*** Opening THE RECORDS ***
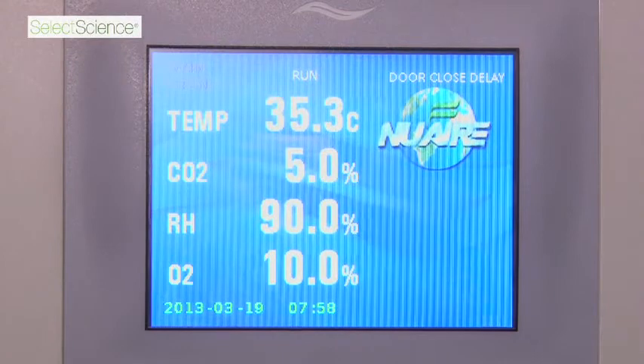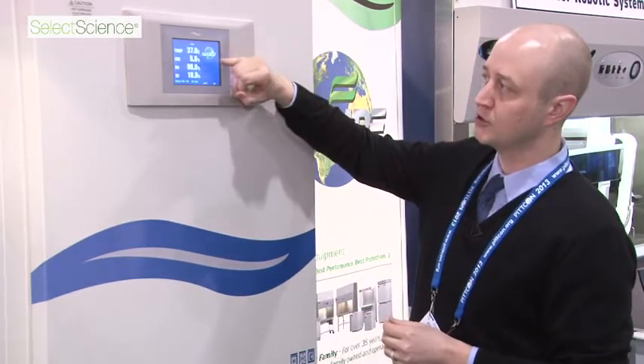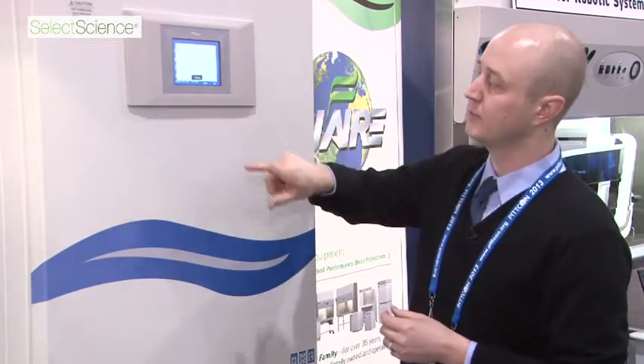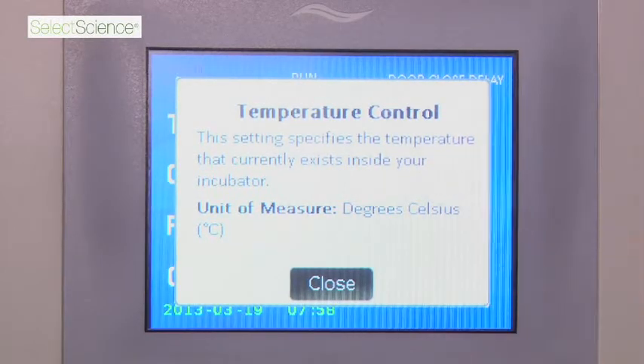This is the new touch control system. It is a color touchscreen, 5x7, very easy to use and very user-friendly. Here you can see temperature and CO2 displayed. This unit also has humidity control as well as oxygen suppression. If you are ever curious about what something is on this system, you can simply push temperature and it will tell you what it actually is — like this is telling you it is temperature control.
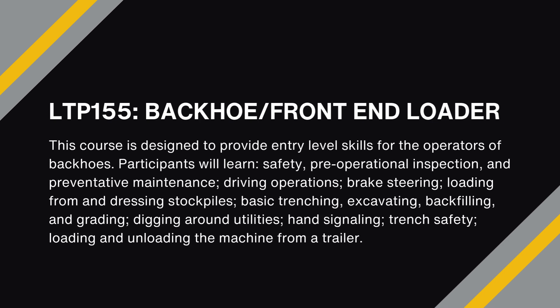LTP-155 is a 32-hour course focusing on the basics of backhoe operation and provides entry-level skills for the operators of backhoes. Participants will learn safety, pre-operational inspection and preventative maintenance, driving operations, brake steering, loading from and dressing stockpiles, basic trenching, excavating, backfilling and grading, digging around utilities, hand signaling, trench safety, and loading and unloading the machine from a trailer.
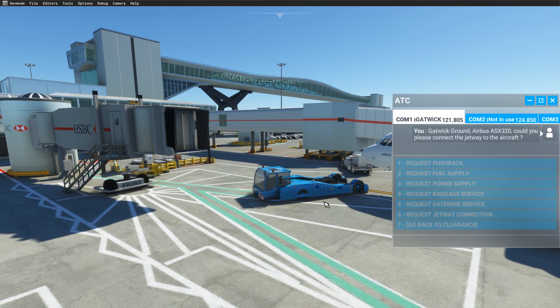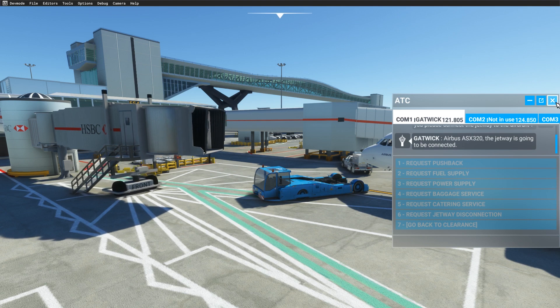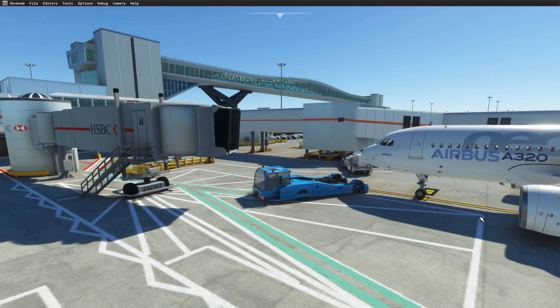Gatwick Ground, Airbus Alpha Sierra X-ray 3-2-0, could you please connect the jetway to the aircraft? Airbus Alpha Sierra X-ray 3-2-0, the jetway is going to be connected.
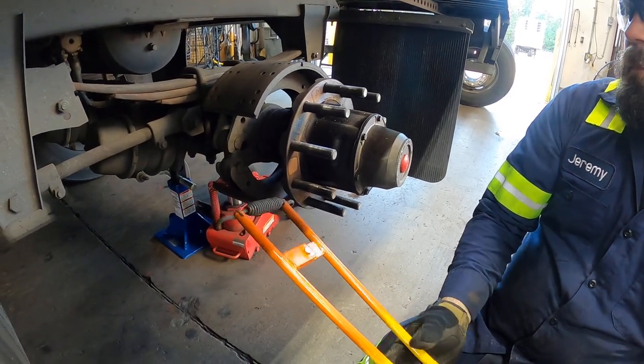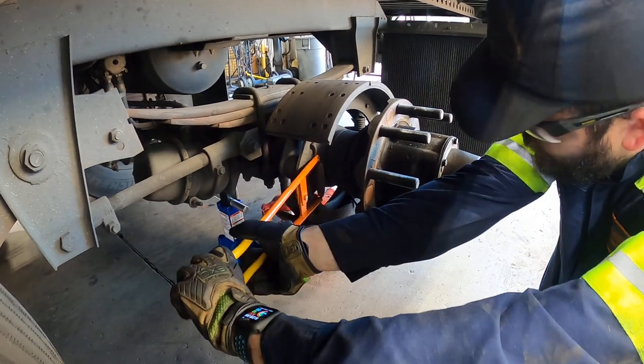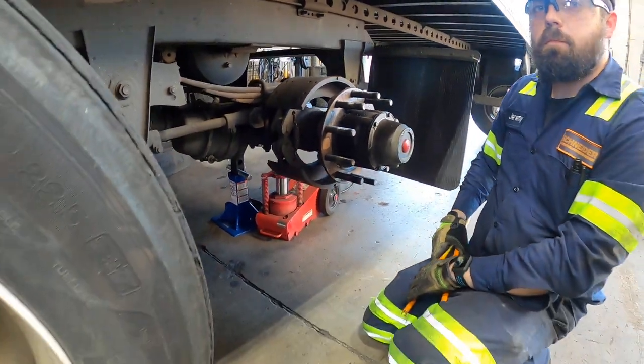Then on the install, the same way, squeeze the handle, and you can walk the spring right on easily. All right, so we'll see you next time.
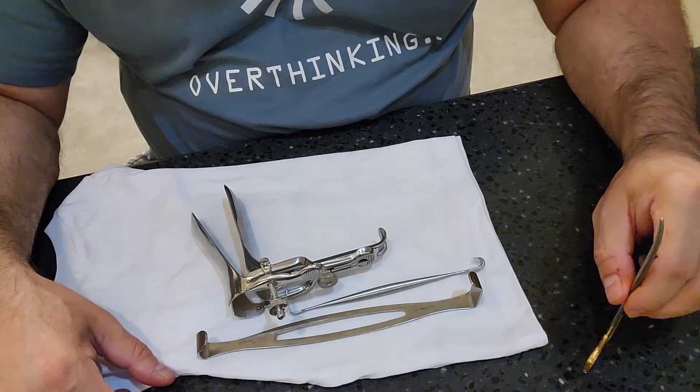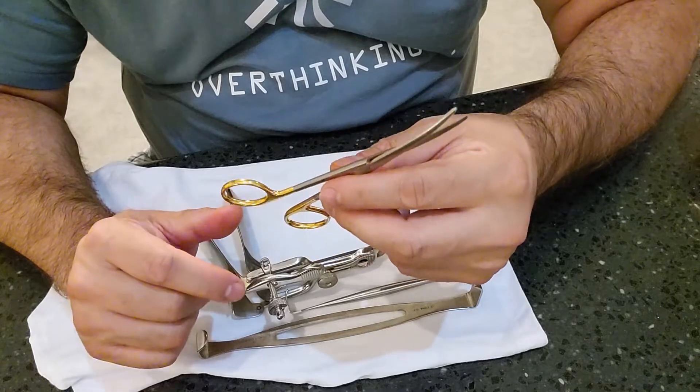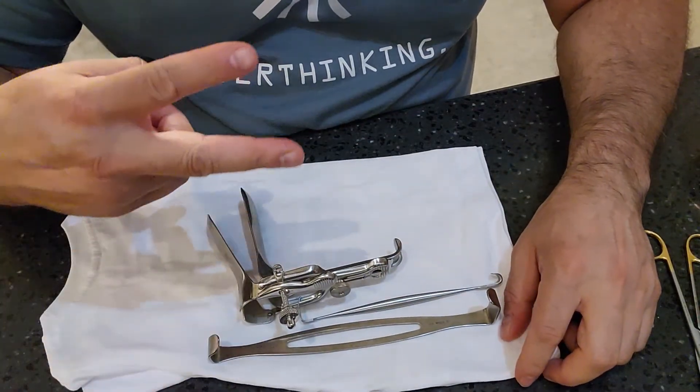Join me next time as we cover inspection and testing of scissors. As always, stay true to yourselves, keep it 100, and peace.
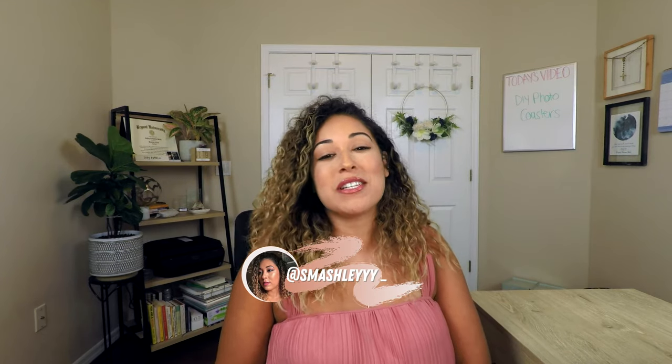Hey guys, it's Mashley. Welcome back to my channel, or welcome if it is your first time. If it's your first time, go ahead and hit that subscribe button. For today's video, I am trying an entirely new project. It's something that I've had pinned for quite a while, and what better time than now to try it. We are going to be doing DIY photo coasters.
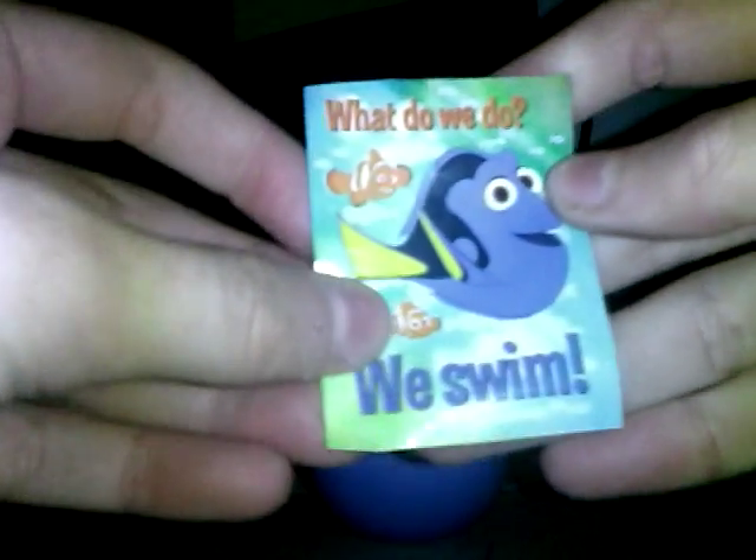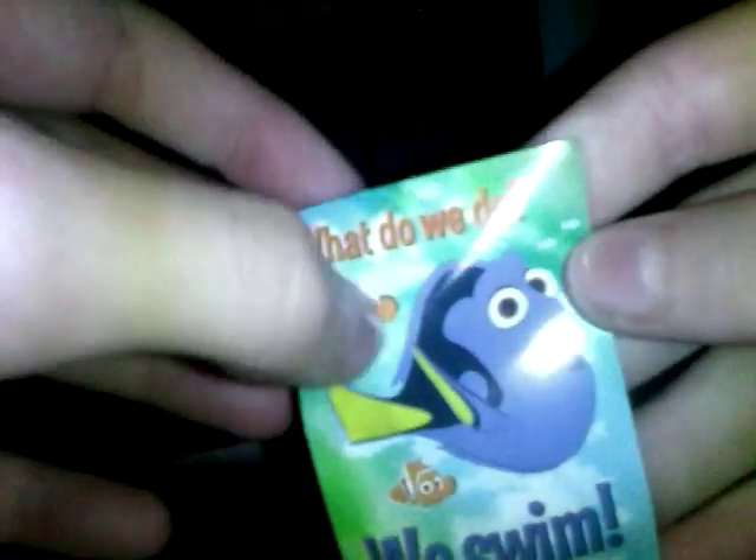Off comes the plastic. Okay, let's open our egg. First we have some lollies that are in the shape of soapy fish — there are many different colors.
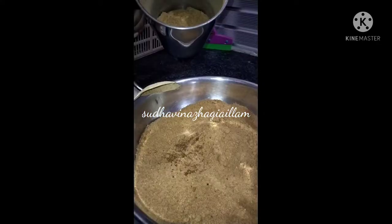Let's put this in the airtight box for 2 to 3 months.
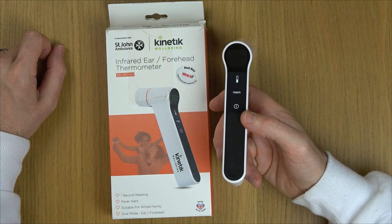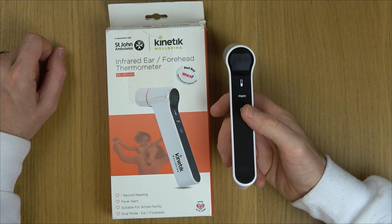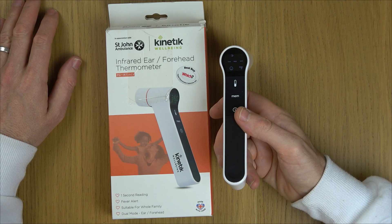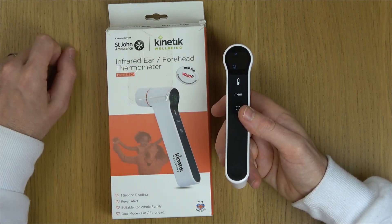So let's leave it on Fahrenheit and then I'm just going to turn it off. Next time we turn it on, it will be in Fahrenheit. So watch this — turn it on now. And can you see, we're now in Fahrenheit.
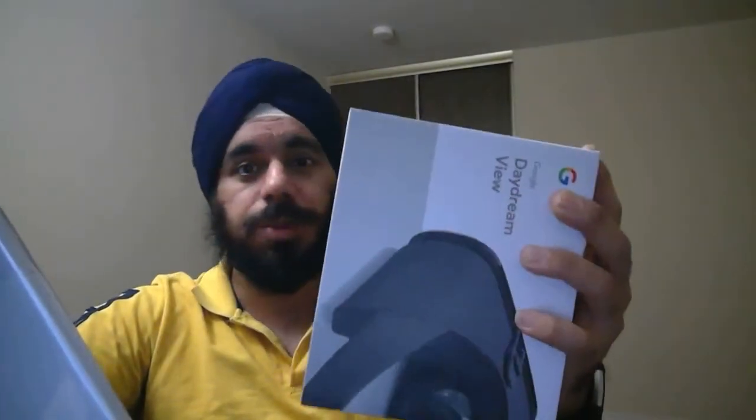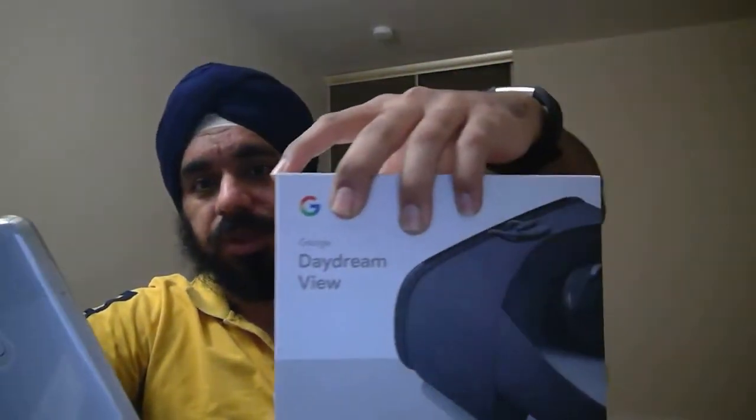You can say 'Hey Google, dim the light and start such-and-such channel on TV' — in one command it can do both things. Also, the camera quality, as I mentioned in my previous video, is really amazing. So far Google has not yet activated its dedicated chip for camera and video recording; it's going to be activated in the December release. Phone-wise, I'm really enjoying it, and now it's going to be coupled with the Daydream View.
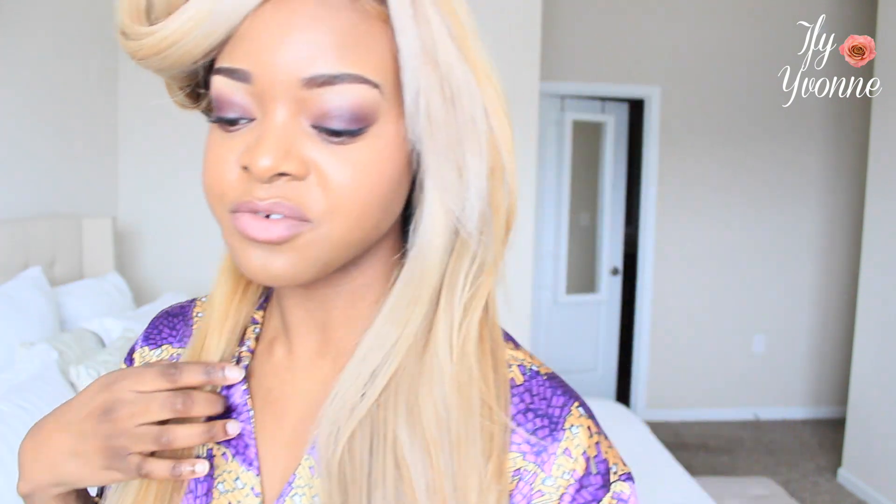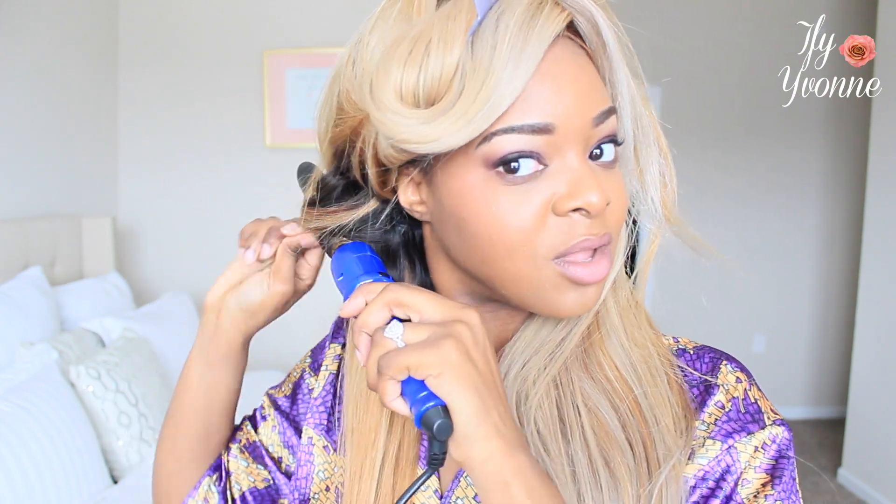Wearing this blonde unit — I love it so much. It's my most fun unit, never done it before, but I love the color and how it complements my skin tone. It's a nice light, white, ashy blonde — not orangey or yellowy — so it goes really well. I feel like anyone of any color can wear blonde, you just have to make sure it's the right color palette of blonde that complements your skin tone. Black girls, brown girls can wear blonde too.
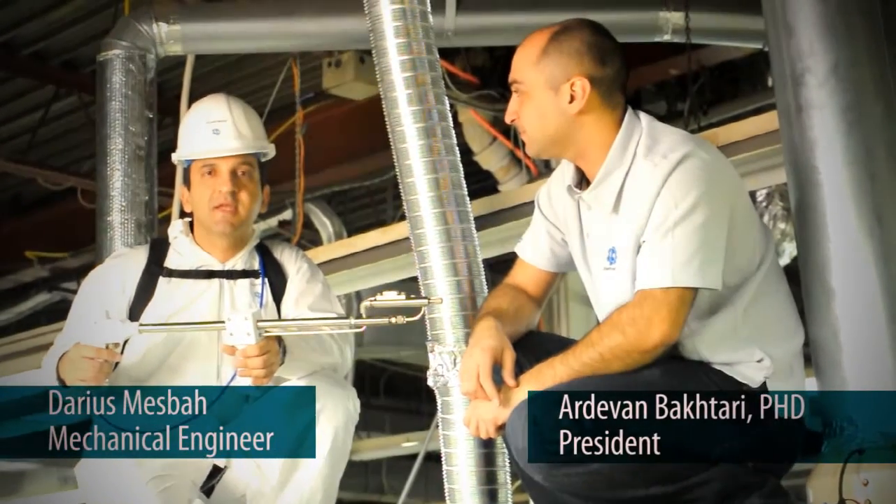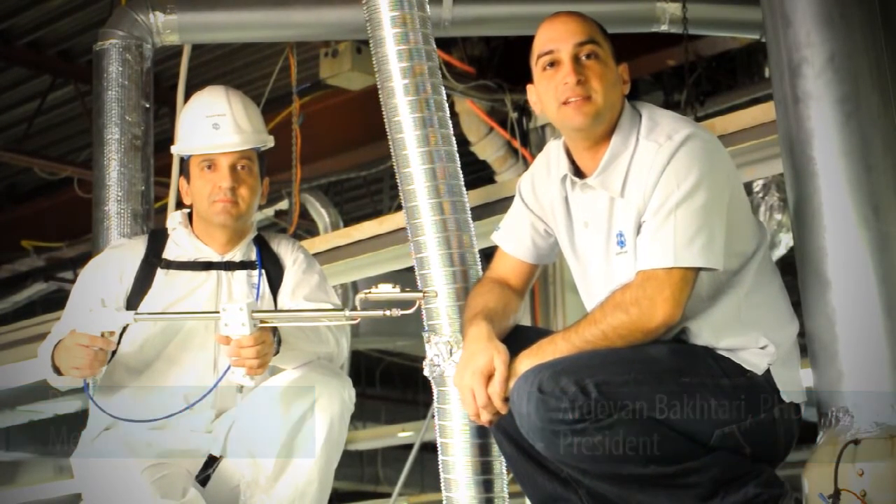Hi, this is Adam. And this is Darius. Today we're going to show you a new product we have, and that's the diluting stack sampler.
*** Closing THE RECORDS ***
* [WHAT TO PRODUCE]
Transcribe exactly the lines that go from the one holding "You can say" through the last line of the entries, both included, and nothing besides them. Do not include any pictures.

* [SOLUTION BELOW]
You can say 'Hey Google, dim the light and start such-and-such channel on TV' — in one command it can do both things. Also, the camera quality, as I mentioned in my previous video, is really amazing. So far Google has not yet activated its dedicated chip for camera and video recording; it's going to be activated in the December release. Phone-wise, I'm really enjoying it, and now it's going to be coupled with the Daydream View.
Wearing this blonde unit — I love it so much. It's my most fun unit, never done it before, but I love the color and how it complements my skin tone. It's a nice light, white, ashy blonde — not orangey or yellowy — so it goes really well. I feel like anyone of any color can wear blonde, you just have to make sure it's the right color palette of blonde that complements your skin tone. Black girls, brown girls can wear blonde too.
Hi, this is Adam. And this is Darius. Today we're going to show you a new product we have, and that's the diluting stack sampler.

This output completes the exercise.